RECORDS FOR PROCESSING
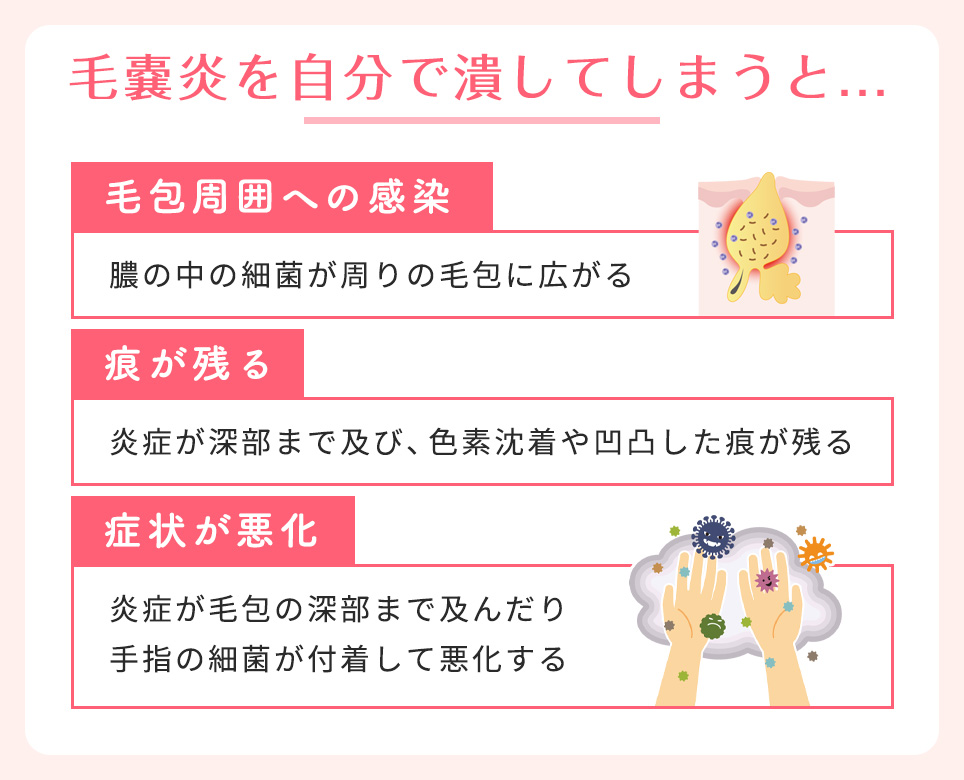毛嚢炎を自分で潰してしまう問題点まとめ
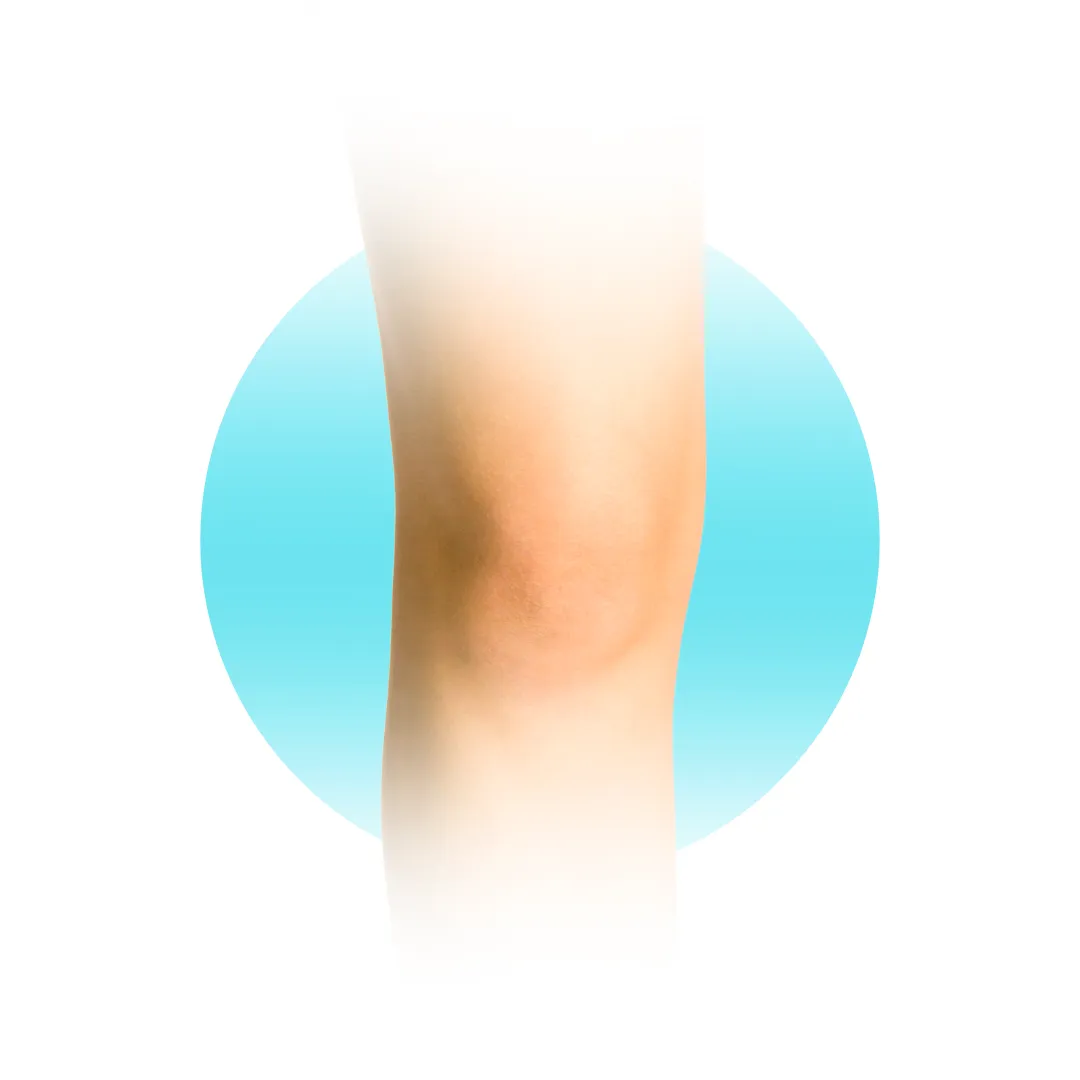 Knie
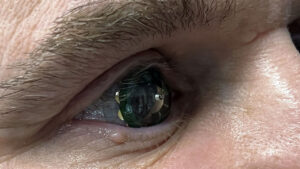Akıllı kontakt lens Mojo Vision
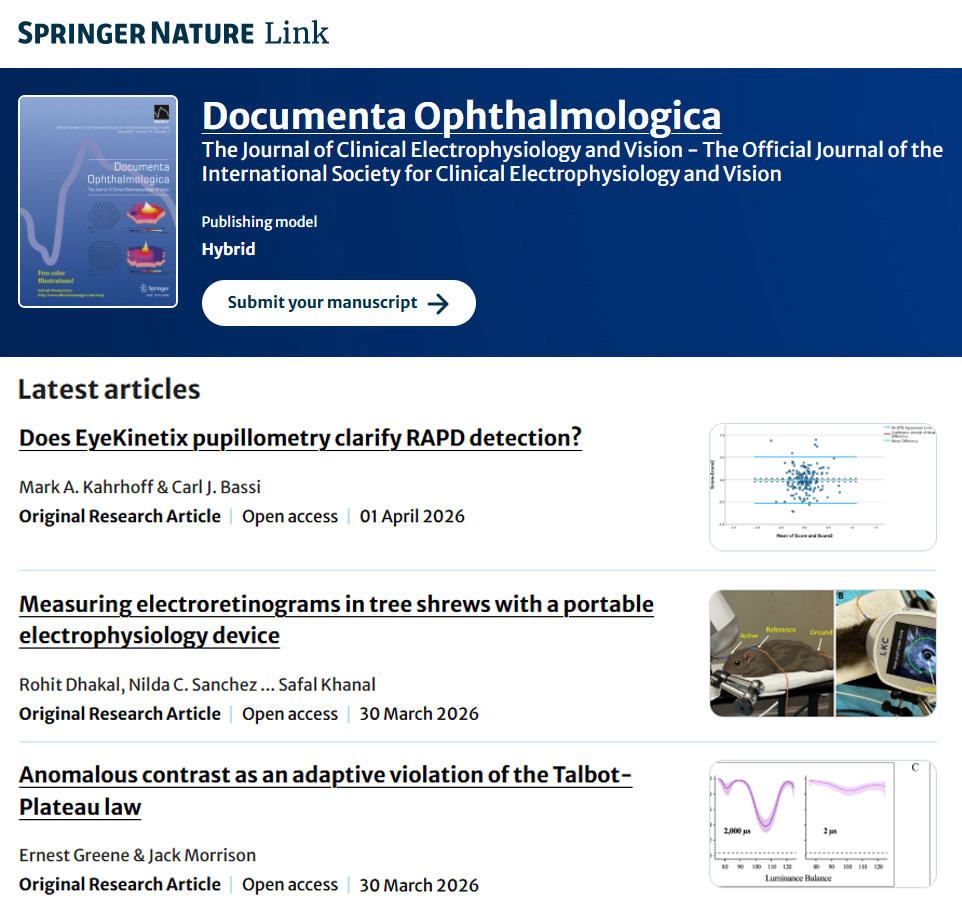iscev_org's tweet photo. As you keep up with the literature, don’t forget to check out the latest articles featured on the @SpringerNature  Documenta Ophthalmologica website. https://t.co/uSD5Dj4WI6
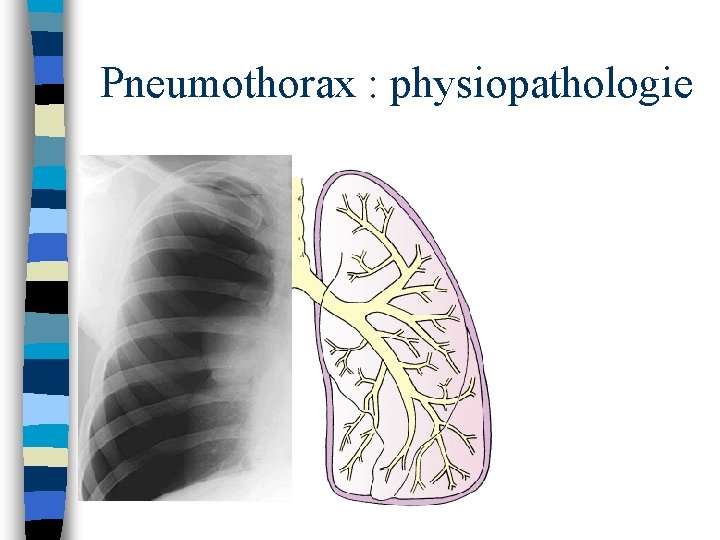 Pneumothorax : physiopathologie 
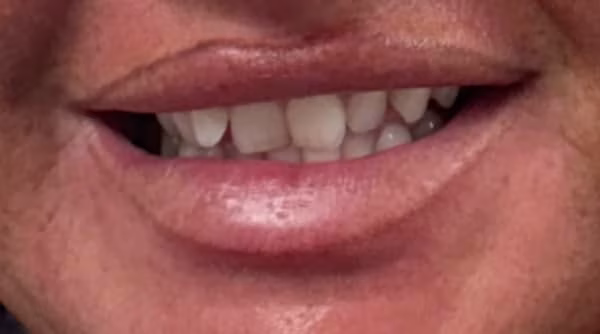 Case 40 - composite bonding - before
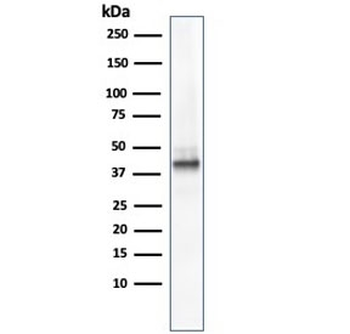AMACR / p504S Antibody (Prostate Cancer Marker)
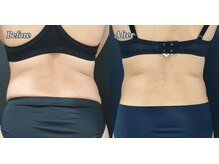 ブリエル(BRILLER)/脂肪冷却（腰）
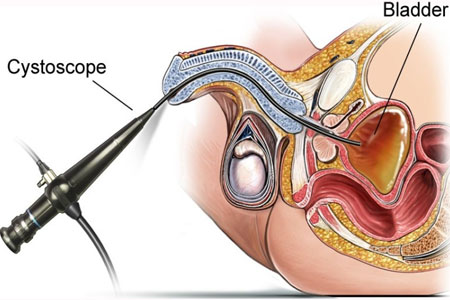 Best Urologist in South Mumbai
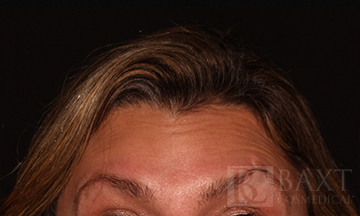 Closeup of patient Before Daxxify® Treatment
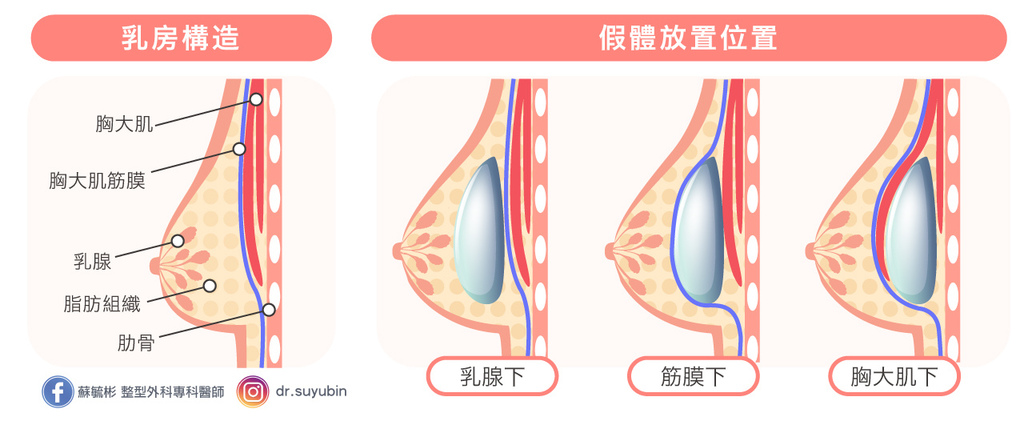 隆乳手術位置.jpg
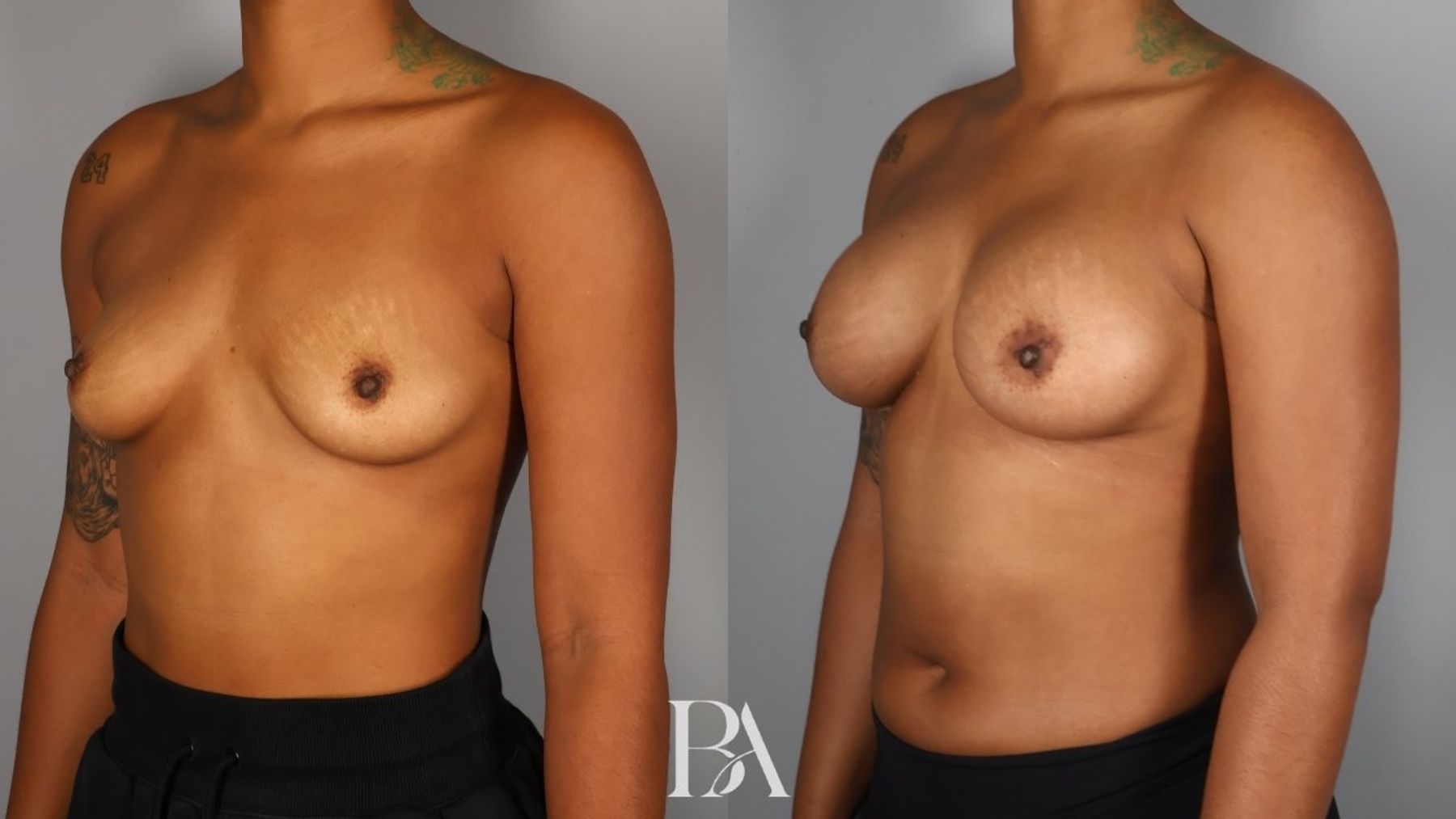 Breast augmentation before and after — three-quarter view, Dr. Beina Azadgoli, Beverly Hills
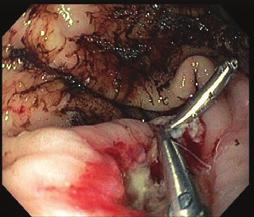 Also some current hemoclips reach 2-3 mm into the submucosa and can seal the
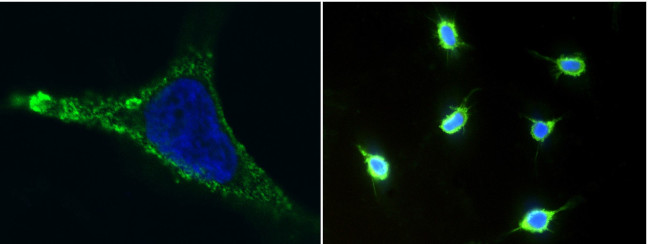 CD146 Antibody in Immunocytochemistry (ICC/IF)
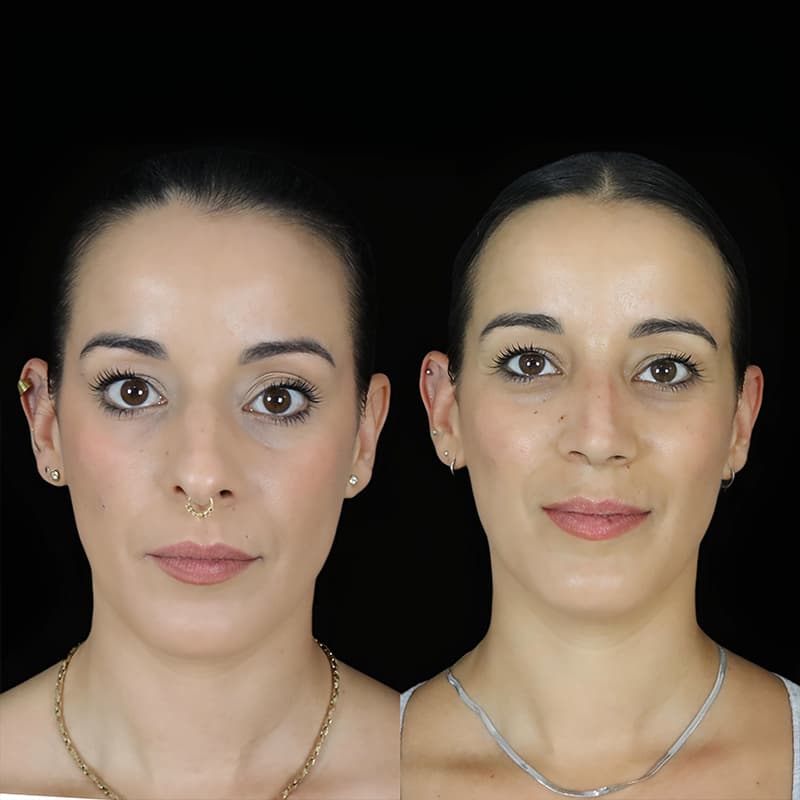 rinoplastia malaga antes y despues caso4 plano2 1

EXERCISE DESCRIPTION
Repeat the data above exactly, but not the pictures.

REPLY
毛嚢炎を自分で潰してしまう問題点まとめ
 Knie
Akıllı kontakt lens Mojo Vision
iscev_org's tweet photo. As you keep up with the literature, don’t forget to check out the latest articles featured on the @SpringerNature  Documenta Ophthalmologica website. https://t.co/uSD5Dj4WI6
 Pneumothorax : physiopathologie 
 Case 40 - composite bonding - before
AMACR / p504S Antibody (Prostate Cancer Marker)
 ブリエル(BRILLER)/脂肪冷却（腰）
 Best Urologist in South Mumbai
 Closeup of patient Before Daxxify® Treatment
 隆乳手術位置.jpg
 Breast augmentation before and after — three-quarter view, Dr. Beina Azadgoli, Beverly Hills
 Also some current hemoclips reach 2-3 mm into the submucosa and can seal the
 CD146 Antibody in Immunocytochemistry (ICC/IF)
 rinoplastia malaga antes y despues caso4 plano2 1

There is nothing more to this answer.